Le pape Urbain II, Français de naissance, convoqua à Clermont en Auvergne un concile où, avec les prélats, affluèrent les seigneurs et une multitude de peuple. Pierre l'Ermite raconta de nouveau les malheurs des chrétiens de la Palestine. Le pape exhorta les Francs à cesser leurs guerres et à mettre leur bravoure au service de la religion. Tous répondirent par un même cri: «Dieu le veut! Dieu le veut!» (1095). Nobles et vilains firent vœu de partir pour la guerre sainte; comme signe de ce vœu, ils attachèrent à leur épaule une croix d'étoffe rouge: ce qui leur fit donner le nom de Croisés, et à l'expédition le nom de Croisade.

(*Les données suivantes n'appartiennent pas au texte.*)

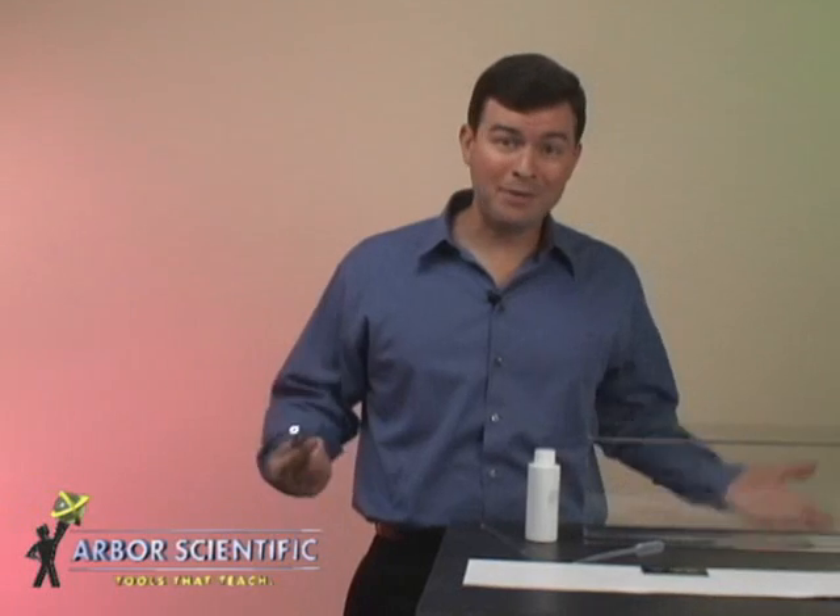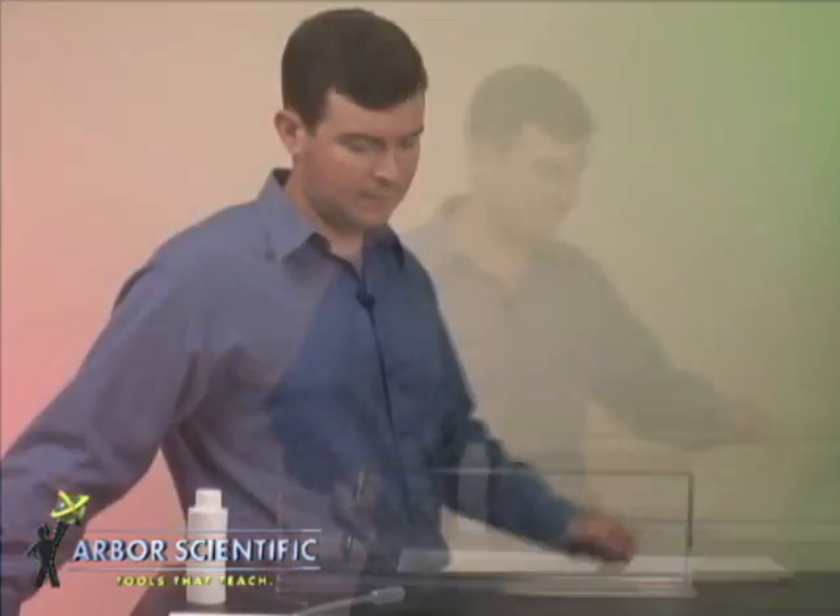Demonstrating optical phenomena in the classroom can be difficult. The trouble is, light beams are invisible. Normal scattering agents such as chalk dust are messy and can cause other problems in the classroom. The laser viewing tank allows students to see and manipulate light beams in a lab group setting. These tanks act as student workstations, so you can set up a bunch with little time or fuss.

Tout le monde voulait partir pour la croisade. Les pauvres gens entassaient dans des charrettes tout ce qu'ils avaient. Les premiers prêts, ils se mirent en route sous la conduite de Pierre l'Ermite et de Gauthier sans Avoir. A la vue de chaque ville nouvelle, les femmes et les enfants, dans leur simplicité, demandaient: «Est-ce donc là Jérusalem?» Cette foule traversa l'Allemagne en pillant pour vivre et arriva décimée en Asie, où elle fut exterminée.

L'armée des seigneurs ne s'ébranla qu'après de longs préparatifs. Elle formait une masse de cent mille chevaliers, six cent mille fantassins (1096), et avait à sa tête des chefs expérimentés à la tête desquels on distinguait Godefroy de Bouillon, Raymond de Toulouse, Hugues de France, Étienne de Blois, le Normand Bohémond, prince de Tarente (en Italie) et son cousin Tancrède.

Après deux batailles sanglantes, les Turcs se contentèrent de harceler par leur cavalerie légère les lourds chevaliers; ils laissèrent combattre pour eux la faim, la misère, l'intempérie des vents, l'ardeur brûlante du soleil. Jusqu'en Syrie, chaque pas fut marqué par des cadavres. Là se trouvait la puissante et riche Antioche. Les croisés, épuisés et quoique réduits de moitié, étaient encore au nombre de 300,000 hommes. Il fut impossible de nourrir ces masses pendant un siège qui dura sept mois: la famine était affreuse. Les intrigues de l'habile Normand Bohémond parvinrent cependant à rendre les chrétiens maîtres de la ville, où ils trouvèrent, après une abondance de quelques jours, la disette et l'épidémie.